_Work instructions_
Each line from the one that has "H&M Baby Grey" through the final line of the listing is to be written out exactly, and no other line is.

______

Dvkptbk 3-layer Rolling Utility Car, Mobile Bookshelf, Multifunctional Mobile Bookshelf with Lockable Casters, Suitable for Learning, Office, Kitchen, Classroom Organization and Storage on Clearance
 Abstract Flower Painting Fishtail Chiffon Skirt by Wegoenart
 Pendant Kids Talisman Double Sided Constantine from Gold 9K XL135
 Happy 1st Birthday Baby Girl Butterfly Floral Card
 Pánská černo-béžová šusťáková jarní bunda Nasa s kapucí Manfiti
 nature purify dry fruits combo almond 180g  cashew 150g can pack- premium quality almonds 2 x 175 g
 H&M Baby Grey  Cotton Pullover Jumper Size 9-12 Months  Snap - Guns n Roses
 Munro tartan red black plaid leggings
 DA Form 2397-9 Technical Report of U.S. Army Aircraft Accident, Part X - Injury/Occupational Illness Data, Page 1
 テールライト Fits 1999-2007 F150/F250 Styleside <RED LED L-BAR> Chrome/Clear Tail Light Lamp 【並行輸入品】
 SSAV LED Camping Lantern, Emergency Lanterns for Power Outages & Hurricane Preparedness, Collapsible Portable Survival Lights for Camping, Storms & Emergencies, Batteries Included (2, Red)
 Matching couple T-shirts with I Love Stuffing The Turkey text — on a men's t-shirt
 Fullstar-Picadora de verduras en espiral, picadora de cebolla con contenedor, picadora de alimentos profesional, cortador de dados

______

_Answer to this exercise_
 H&M Baby Grey  Cotton Pullover Jumper Size 9-12 Months  Snap - Guns n Roses
 Munro tartan red black plaid leggings
 DA Form 2397-9 Technical Report of U.S. Army Aircraft Accident, Part X - Injury/Occupational Illness Data, Page 1
 テールライト Fits 1999-2007 F150/F250 Styleside <RED LED L-BAR> Chrome/Clear Tail Light Lamp 【並行輸入品】
 SSAV LED Camping Lantern, Emergency Lanterns for Power Outages & Hurricane Preparedness, Collapsible Portable Survival Lights for Camping, Storms & Emergencies, Batteries Included (2, Red)
 Matching couple T-shirts with I Love Stuffing The Turkey text — on a men's t-shirt
 Fullstar-Picadora de verduras en espiral, picadora de cebolla con contenedor, picadora de alimentos profesional, cortador de dados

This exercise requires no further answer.